Optimizing Python + Numpy Code

So I decided to learn Cython, and in doing so, I found an interesting post comparing Matlab speed to Numpy + Python and Numpy + Cython. Obviously I was intrigued, and with the available code, pasted into vim I was off and running!

The first thing to do is the first step in ALL optimization workflows: profiling! Using the wonderful cProfile.run('GMMGaussianMC(100000)','prof.dat') we can glean the following: (output pasted here for readability).

  • Hmmm.. 32 seconds (out of 60) in numpy.linalg.solve
  • Only 10 seconds is spent 'in' GMMGaussian (and 3 in GMMGaussianMC), so the bulk is in Numpy
This explains why Tim's Cython conversion did not net any gain (it's all numpy bound). Thus while chewing on the numpy problem, I started implementing some simple (but in retrospect, probably minor) common python + numpy optimizations: vectorizing code by pulling it out of the inner for loop. And inlining the function call (I'd be curious to see how much this helped, as it is a rather ugly change in general). 

This took us down from 30 seconds to about 22 seconds, not bad, but not great either.

Now, for the linear algebra. It appears that a great deal of our time is spent in the numpy.linalg.solve function, why is this? And after a bit of searching I found this insightful mailing list post (see towards the bottom). It appears that MATLAB does a lot of heuristics in order to use the most efficient way of solving a linear system, whereas numpy takes the easy out approach by calling the generic LAPACK solver (DGESV for anyone interested). After rejecting the idea of compiling a faster LAPACK because it would require rebuilding Numpy, I decided to look more closely at the linear algebra at use in the code.

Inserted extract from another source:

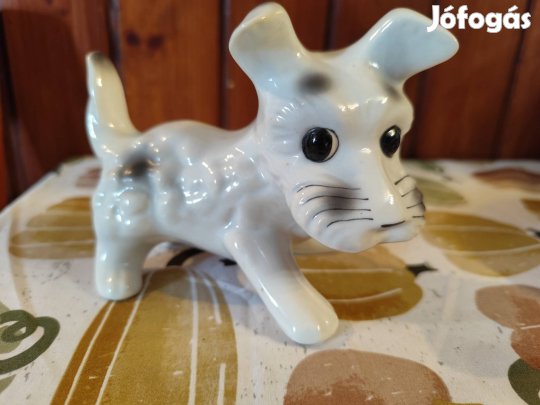 Porcelán kiskutya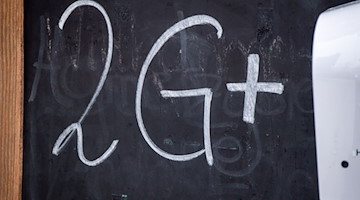 "2G+" steht auf einer Tafel. / Foto: Stefan Sauer/dpa/Symbolbild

Sure enough, I found that we were dealing with purely diagonal matrices which makes the prospect of simply inverting and multiplying possible. BAM!!! This takes us down to 8 seconds, which is comparable to the MATLAB script.

Profiling now we can see that everything is either in the GMMGaussianMC function, or quick numpy functions like randn, dot, inner, etc... There is not much we can do about this to my knowledge, so we are now done! (link to final code)

Now time to go learn about the theory behind this algorithm... 

P.S. Sorry about the poor writing quality in this post, I'm trying to talk and write at the same time, and the result is a poor mess of both :)